Net Interest Income: Making Money While Your Cash Sits Still
Here’s a revenue stream that often flies under the radar: net interest income. When you deposit cash into your brokerage account and don’t immediately invest it, that money doesn’t just sit there doing nothing for the broker. Online brokers typically sweep uninvested cash into interest-bearing accounts or short-term securities, earning interest on your balance while often paying you a much lower rate — or none at all — in return.
This is one of the quieter but more reliable ways online brokers make money, especially in periods of higher interest rates. For brokers with large numbers of users holding uninvested cash, this line item alone can generate billions of dollars annually. It’s also one reason brokers encourage you to keep a cash cushion in your account rather than transferring every spare dollar out immediately.
Margin Lending: Charging Interest on Borrowed Money
If you’ve ever used margin to trade — essentially borrowing money from your broker to buy more securities than your cash balance would normally allow — you’ve contributed directly to another core way online brokers make money. Margin loans carry interest rates that are often well above what the broker itself pays to access that capital, and the spread between those two numbers is pure profit. For active or leveraged traders, margin lending can be one of the most lucrative parts of a broker’s entire business model.
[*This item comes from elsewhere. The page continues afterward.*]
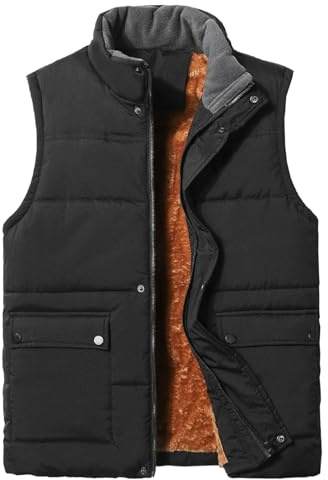 Gilet invernale da uomo foderato in pile, senza maniche, impermeabile, caldo, da lavoro, esterno, casual, nero, taglia 5XL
Fees on Specialized Products
While stock and ETF trades are frequently commission-free, that’s rarely the whole story. Online brokers still make money by charging for options contracts, futures trades, mutual fund transactions, and bond purchases — categories where per-contract or per-trade fees remain common even at brokers that heavily advertise “free trading.” Premium research tools, advanced trading platforms, and managed portfolio services often come with subscription or advisory fees as well, adding yet another layer to how online brokers make money beyond the basic trade execution business.
Why This Matters for You as a Trader
Understanding how online brokers make money isn’t just trivia — it directly affects the quality of your trade execution. Because payment for order flow creates a financial incentive to route your order to whichever market maker pays the most, rather than whichever one offers the best price, some critics argue this creates a built-in conflict of interest. In practice, regulations require execution at or better than the National Best Bid and Offer, so most retail traders see only a marginal difference. But for high-volume or options traders, those marginal differences can add up meaningfully over a year of active trading.
The bigger picture is this: no online broker gives away its services for free. Whether the revenue comes from payment for order flow, interest income, margin lending, or product fees, every broker’s business model is built to be profitable. That’s not a red flag — it’s just business. What matters is transparency. The best online brokers make money in ways that are clearly disclosed, don’t quietly work against your interests, and still leave you with a genuinely lower cost of trading than the commission-heavy world of twenty years ago.
The Bottom Line
Online brokers make money in more layered ways than most traders realize, and “commission-free” almost never means “revenue-free” for the platform. Payment for order flow, interest on cash, margin lending, and product-specific fees all combine to keep these businesses profitable. Knowing exactly how your online broker makes money — and reading its Rule 606 order-routing disclosures if you’re in the US — is one of the simplest ways to make sure the platform you’re trading on is actually working in your favor.